Since you keep avoiding the question of "are you religious folk" I will answer for you. No you are not. Which clearly shows my post had nothing to do with you.

The only part of the post that caught your eye was "I think one might have just arrived" which you mistakenly thought was about you or you just wanted to argue as usual.

I think it's about time for me to ignore you as some of the others here have.

Have a hug and enjoy life more instead of being frumpy all the time
:hugehug:
Then by the same standards my post was not a personal attack. Once again you do not apply the same standards towards others that you apply to yourself.
 

PoetPhilosopher

Veteran Member
This is the third time I've bought an expensive ceramique elephant, and it's been utterly destroyed by the playing of sports in the house.
 

We Never Know

No Slack
Then by the same standards my post was not a personal attack. Once again you do not apply the same standards towards others that you apply to yourself.

:facepalm: again you are wrong. You came in posted directly to me accusing me of projecting and not understanding because of a post you mistakenly thought was about you even though you aren't "religious folk" and it wasn't to you :)
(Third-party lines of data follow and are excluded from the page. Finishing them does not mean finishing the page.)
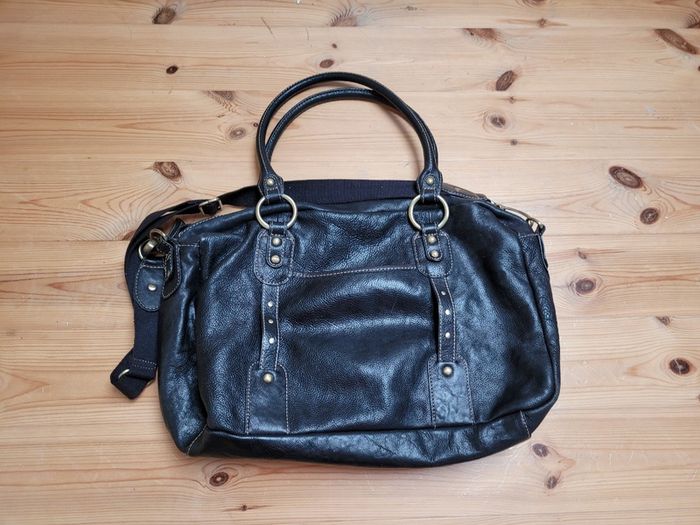 Storksac Leather Nappy Bag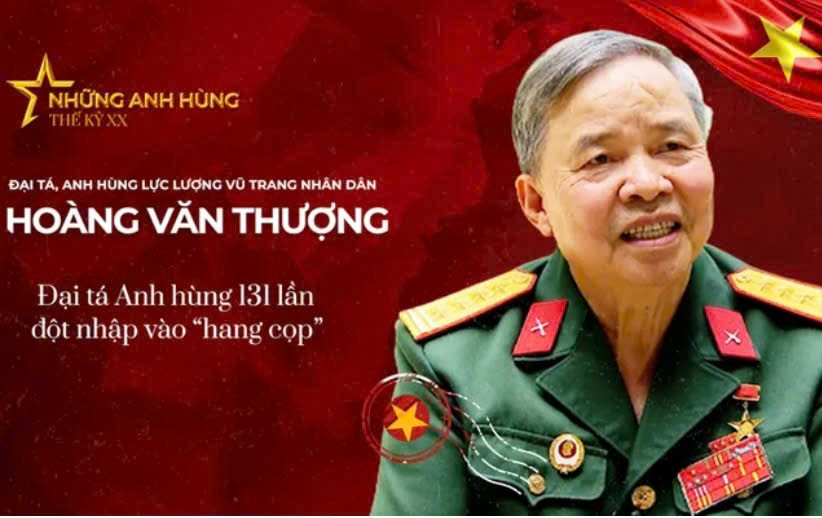Anh hùng LLVTND Hoàng Văn Thượng - Người đặc công 131 lần vào hang cọp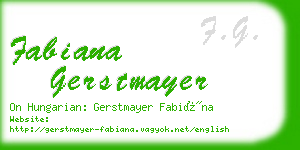 fabiana gerstmayer business card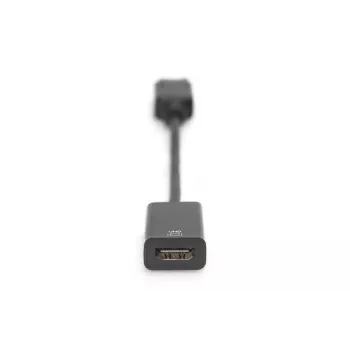 DIGITUS DP - HDMI laidas 20 cm juodas DP - HDMI tipo A M/F HDMI 2.0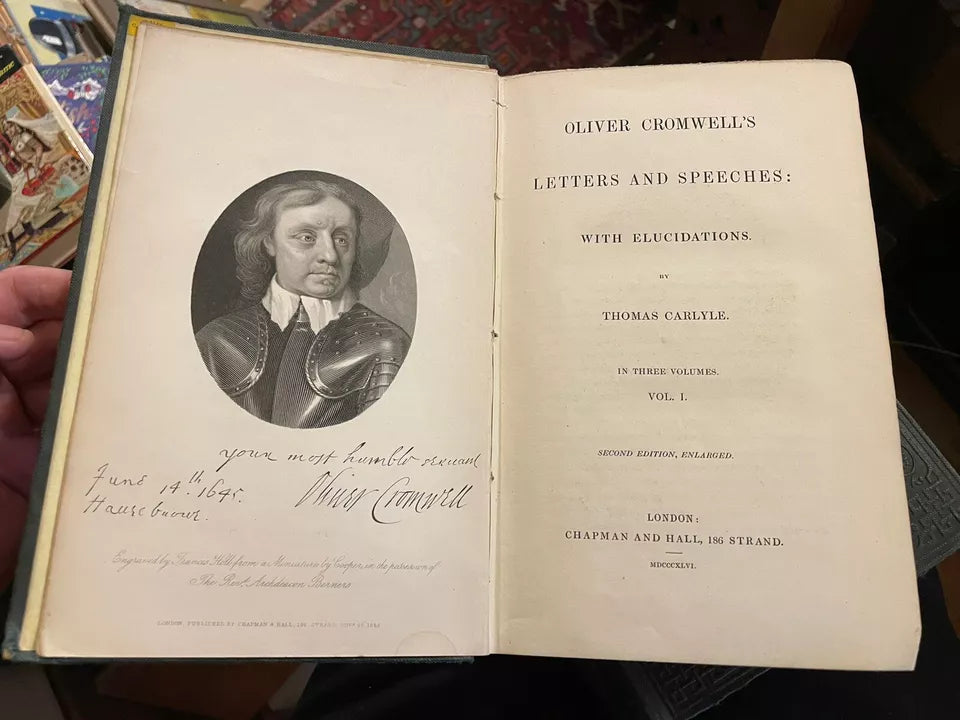 Oliver Cromwell’s Letters and Speeches (3 Vols) Thomas Carlyle 1846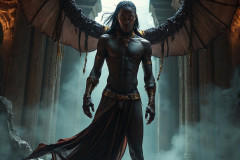 Hot & Sexy Male Succubus Demon,Deep within the ruins of Hell.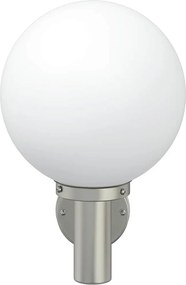 vidaXL Lumină de perete pentru exterior Argintiu 28 x 25 x 38 cm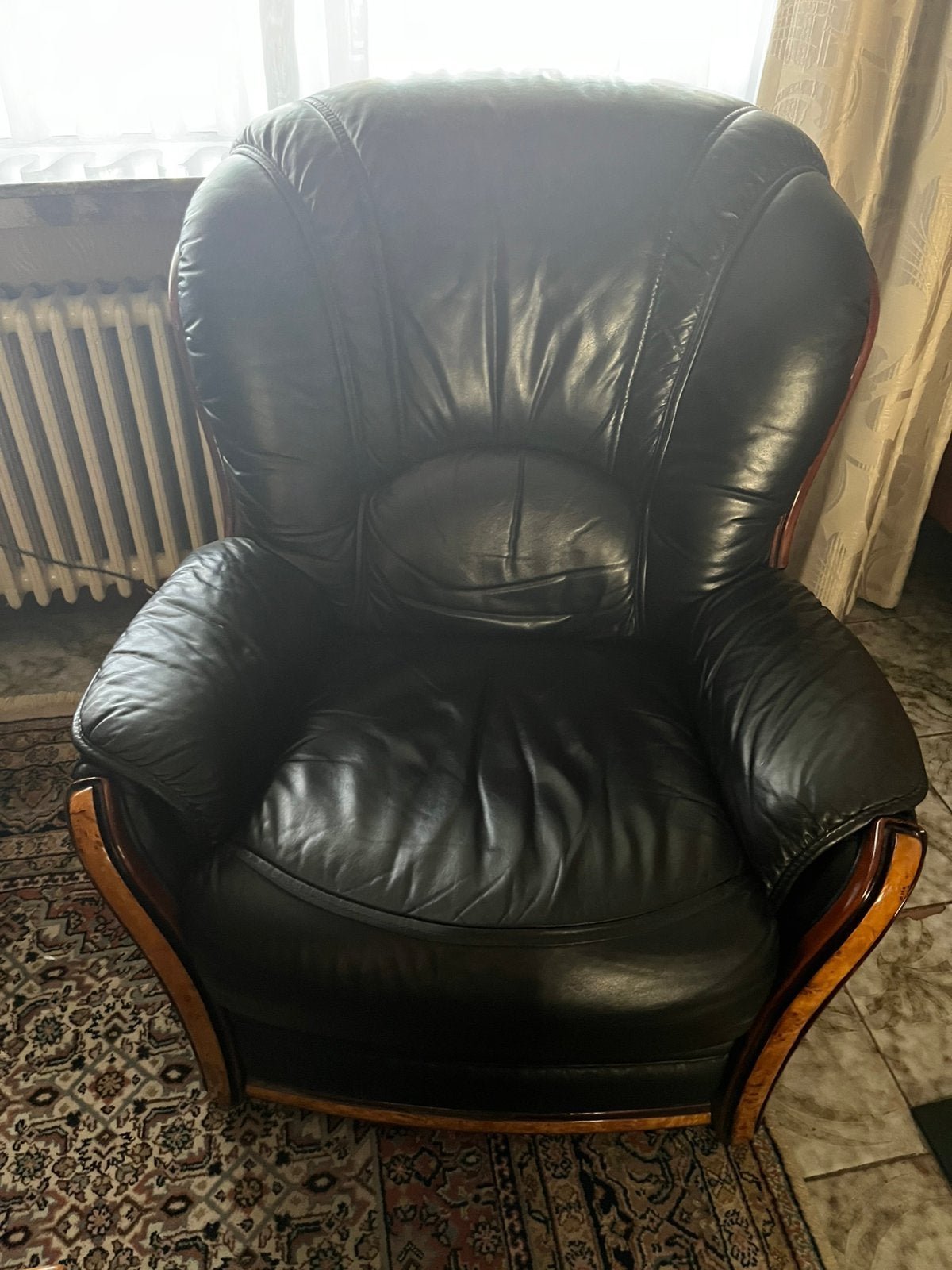 Fauteuil relax à commande électrique bleu, Enlèvement, Comme neuf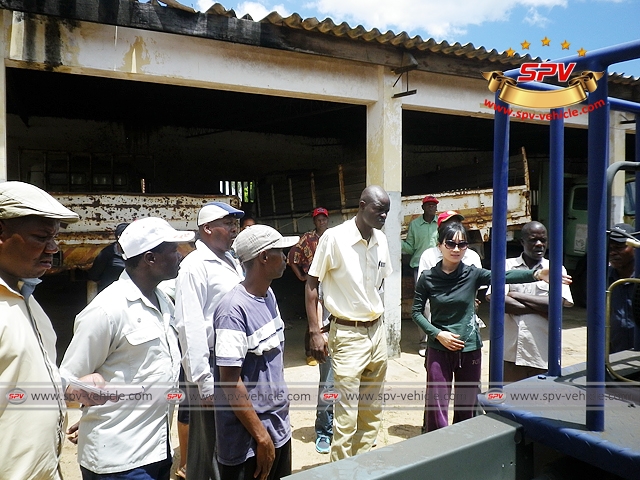 Onsite training in Mozambique for potable tankers, industrial tankers, trucks with cranes, fuel tankers Onsite training in Mozambique for potable tankers, industrial tankers, trucks with cranes, fuel tankers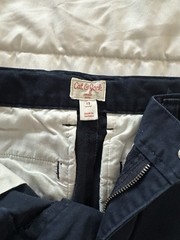 Cat & Jack Navy School Uniform Pants Size 12 lot of two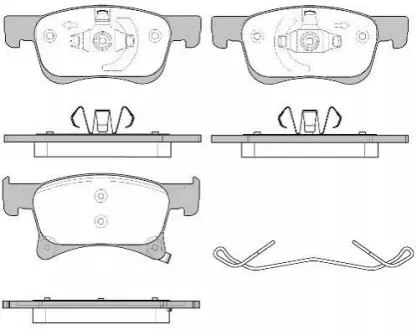 OPEL колодки гальм. передн. Corsa E 1,0-1,4 14-, Adam REMSA 1580.02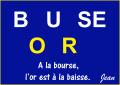 Le cours de la bourse...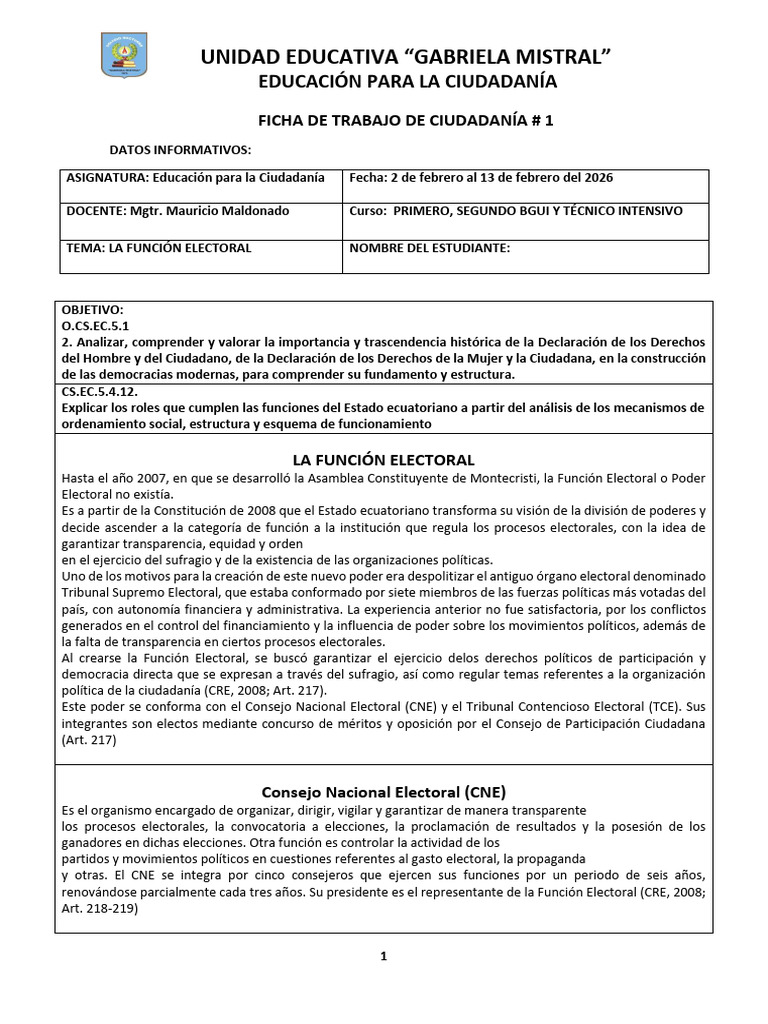 Ficha de T#1 1ro 2do. BGUI Tec. CIU F. Elect. 2 Feb. Al 13 Feb. 2026 ...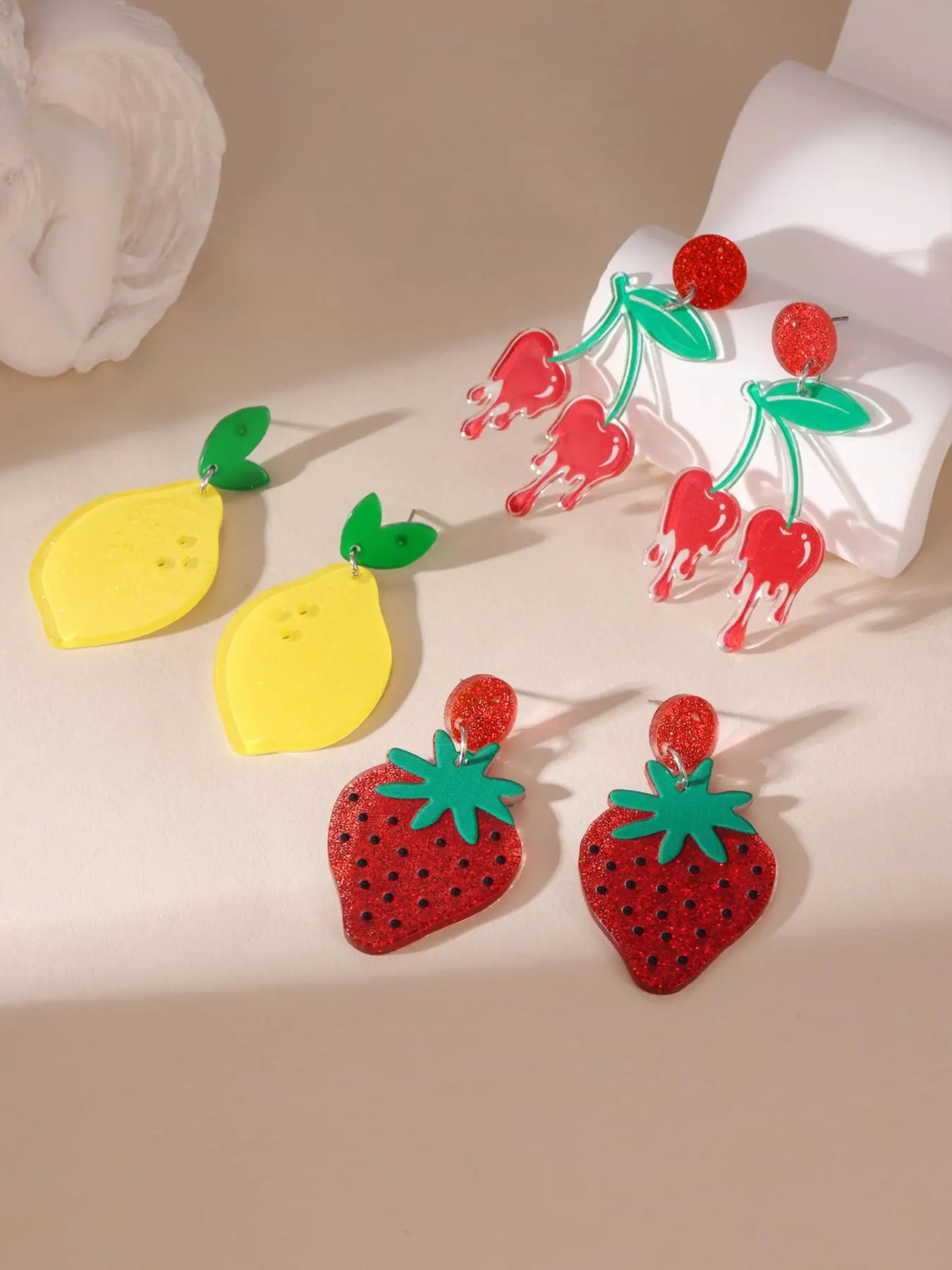 Fruit Design Dangle Earrings, Fashionable Jewelry for Women & Girls, Trendy All-match & Exquisite Jewelry for Birthday Gift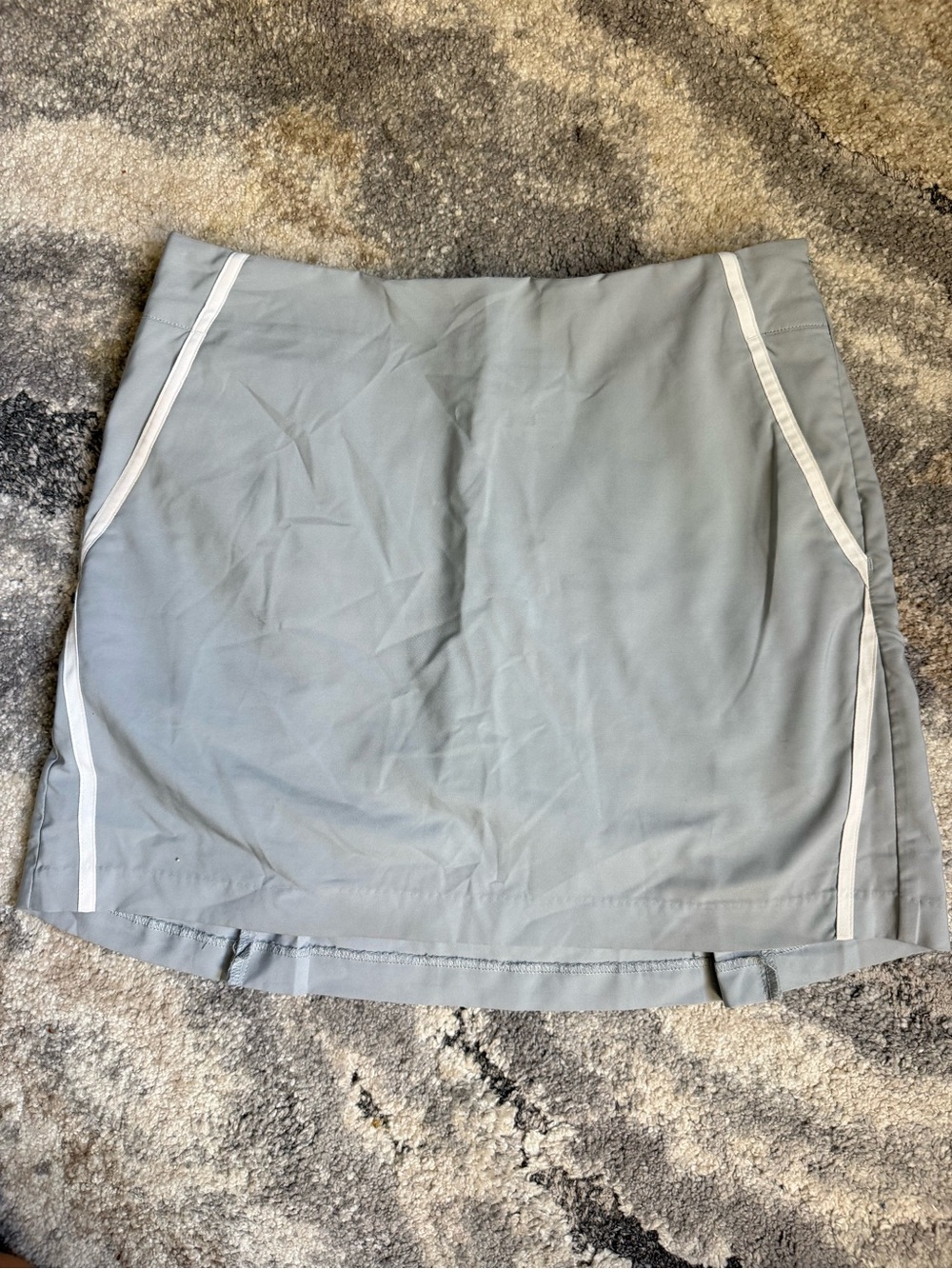 adidas Light Gray Mini Skirt with White Trim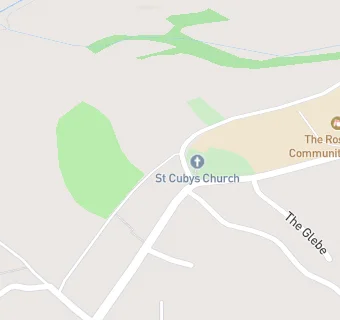 map for St Cuby Church Hall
Or you may just be projecting again. That happens with those that do not understand the sciences far too often.
 

Subduction Zone

Veteran Member
:facepalm: again you are wrong. You came in posted directly to me accusing me of projecting and not understanding because of a post you mistakenly thought was about you even though you aren't "religious folk" and it wasn't to you :)
Please, whether aimed at me or another it was a personal attack.
 

The Hammer

[REDACTED]
Premium Member
Sure. The point is I've seen it voiced many times here that only peer reviewed links will be accepted as support. If peer review is highly subjective, something of a lottery, prone to bias, and easily abused as the study says it is, how reliable is it?

As reliable as the American legal system. Not perfect, but the best we have at the moment.
 

shmogie

Well-Known Member
Not a bad article. I see many times in discussions here where it is voiced only peer reviewed links are acceptable. It also goes into ways to improve peer review. Granted the study is from 2006 but it still interesting. I posted one paragraph and the conclusion of the complete article/study. If you want to read more click the link.

Peer review: a flawed process at the heart of science and journals.

The defects of peer review.
So we have little evidence on the effectiveness of peer review, but we have considerable evidence on its defects. In addition to being poor at detecting gross defects and almost useless for detecting fraud it is slow, expensive, profligate of academic time, highly subjective, something of a lottery, prone to bias, and easily abused.

CONCLUSION
So peer review is a flawed process, full of easily identified defects with little evidence that it works. Nevertheless, it is likely to remain central to science and journals because there is no obvious alternative, and scientists and editors have a continuing belief in peer review. How odd that science should be rooted in belief.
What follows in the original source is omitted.